I would also assume that to be the default, but unfortunately the first Google search for “why doesn’t my smart fridge work from my phone when I leave the house” will be a set of instructions for turning that feature off.
NATs and port forwarding is annoying, but it’s also very manual, and only lets you fuck up one device at a time.
Honestly the more I think about it the more I realize I’m wrong. I was thinking someone could enable a server on their client device without realizing it but the firewall on the router would still need to be modified in that situation, and anything not requiring firewall modifications would be just as much of a security hole on IPv4
Yeah it’s a common trip up. We’re all so used to the way that things are done in IPv4 that our natural response is to try and apply IPv4 logic to IPv6, but you’re absolutely right.
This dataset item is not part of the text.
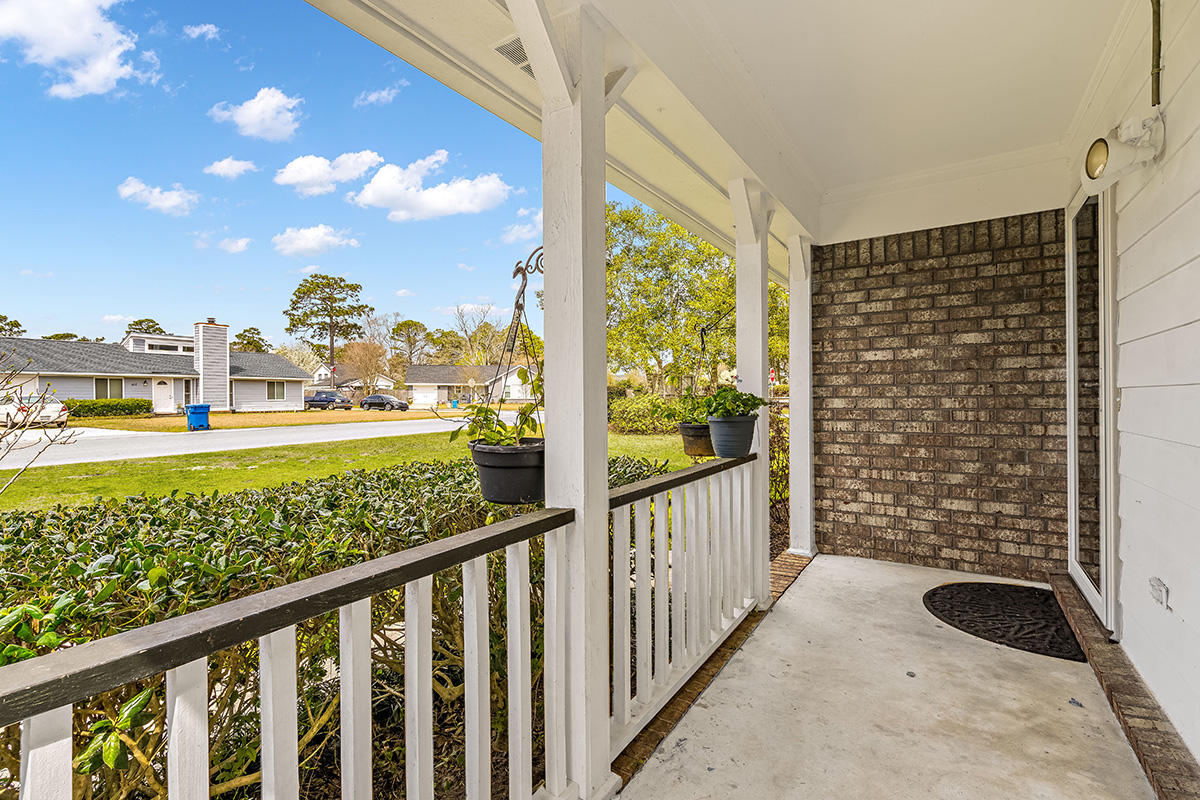 415 Longleaf Road Summerville, SC 29486 - Photo 4 of 25 GPS VISUALS RE PHOTOGRAPHY 4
Many people think NAT is a security feature but but that’s only a coincidence and it doesn’t do anything a firewall doesn’t already do. And if we take it one step further we can actually see that a firewall and IPv6 is actually more secure than NAT. The only inherent risk of port warding in NAT is that the IP you’re forwarding to is ultimately arbitrary. Think, have a port open to SMB for a publicly accessible file sharing container, then later ditching it and via DCHP your laptop picks up that old IP and now voila you’ve technically exposed your laptop. It’s not quite that simple but that’s the essence of it.
But with IPv6, IPs are no longer arbitrary. When you allow access in certain ports to a certain machine and that machine goes away, that rule will always only allow access to nowhere.